Me lo imaginé a Rosta sacando la entrada en el zoológico de Palermo, hojeando folletos y caminando alrededor del lago con los flamencos rosados de fondo. Al final del camino, un destino de low budget superheroe con una capa deshilachada y un casco amarillo. Los que van a morir te saludan.

— Durante años, décadas y siglos, las mujeres cultivaron esa imagen de fragilidad, de víctimas, de sometidas, una verdadera construcción colectiva que demandó el esfuerzo sostenido de generaciones enteras, pero lograron establecer la idea y cuando vieron que el asunto estaba maduro, actuaron y crearon el feminismo, entre otras armas de dominación social e institucional.
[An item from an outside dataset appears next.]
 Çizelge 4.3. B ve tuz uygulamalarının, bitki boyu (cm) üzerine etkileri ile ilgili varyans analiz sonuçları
Una noche en el videoclub, descubrimos un subgrupo. Revisábamos material nuevo. Habíamos hecho café instantáneo. Era miércoles. El subgrupo era “Secuestradores de animales salvajes”. Por ejemplo, un plomero polaco residente en París se había robado un pequeño cocodrilo brasileño del Jardin des Plantes y lo tuvo durante siete semanas oculto en la bañera de su departamento de dos ambientes en la Rue de Rivoli. Le daba de comer ratones que compraba en una veterinaria del barrio. Rosta dijo que era una deformación del impulso original.

— Son desviacionistas, especuladores. Siempre aparecen.

Después, me miró serio a los ojos. Y yo asentí.





Incluido en Música para Rinocerontes, Ediciones El Cuervo, La Paz, 2010.